Items from a dataset:
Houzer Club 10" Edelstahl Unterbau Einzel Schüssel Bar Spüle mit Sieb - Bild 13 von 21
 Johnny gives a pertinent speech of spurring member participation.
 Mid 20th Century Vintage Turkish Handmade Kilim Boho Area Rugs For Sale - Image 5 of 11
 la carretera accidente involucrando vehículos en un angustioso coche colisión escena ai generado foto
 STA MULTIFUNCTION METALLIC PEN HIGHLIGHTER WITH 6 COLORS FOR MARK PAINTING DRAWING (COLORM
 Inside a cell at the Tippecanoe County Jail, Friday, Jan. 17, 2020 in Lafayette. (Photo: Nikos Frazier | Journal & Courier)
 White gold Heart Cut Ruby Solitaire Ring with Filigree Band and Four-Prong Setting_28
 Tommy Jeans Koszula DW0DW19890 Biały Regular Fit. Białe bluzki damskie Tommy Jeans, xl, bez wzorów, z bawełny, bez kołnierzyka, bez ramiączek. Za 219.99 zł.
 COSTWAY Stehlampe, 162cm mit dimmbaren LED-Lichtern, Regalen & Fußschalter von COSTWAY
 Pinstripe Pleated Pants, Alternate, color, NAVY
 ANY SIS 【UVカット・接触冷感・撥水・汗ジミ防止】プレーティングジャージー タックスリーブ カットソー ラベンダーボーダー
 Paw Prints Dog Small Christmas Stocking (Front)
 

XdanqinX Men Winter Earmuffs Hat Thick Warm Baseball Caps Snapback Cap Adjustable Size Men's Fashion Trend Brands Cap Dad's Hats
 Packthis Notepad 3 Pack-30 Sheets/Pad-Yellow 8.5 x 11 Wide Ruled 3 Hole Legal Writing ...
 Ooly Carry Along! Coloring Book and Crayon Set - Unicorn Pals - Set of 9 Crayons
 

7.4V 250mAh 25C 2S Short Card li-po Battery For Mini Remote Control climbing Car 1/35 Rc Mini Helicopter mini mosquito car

== BRIEF ==
Reproduce, exactly as they stand in the data above, the lines from the one that holds "Pinstripe Pleated Pants, Alternate, color, NAVY" to the one that holds "XdanqinX Men Winter", inclusive.

== SOLUTION TO THE EXERCISE ==
 Pinstripe Pleated Pants, Alternate, color, NAVY
 ANY SIS 【UVカット・接触冷感・撥水・汗ジミ防止】プレーティングジャージー タックスリーブ カットソー ラベンダーボーダー
 Paw Prints Dog Small Christmas Stocking (Front)
 

XdanqinX Men Winter Earmuffs Hat Thick Warm Baseball Caps Snapback Cap Adjustable Size Men's Fashion Trend Brands Cap Dad's Hats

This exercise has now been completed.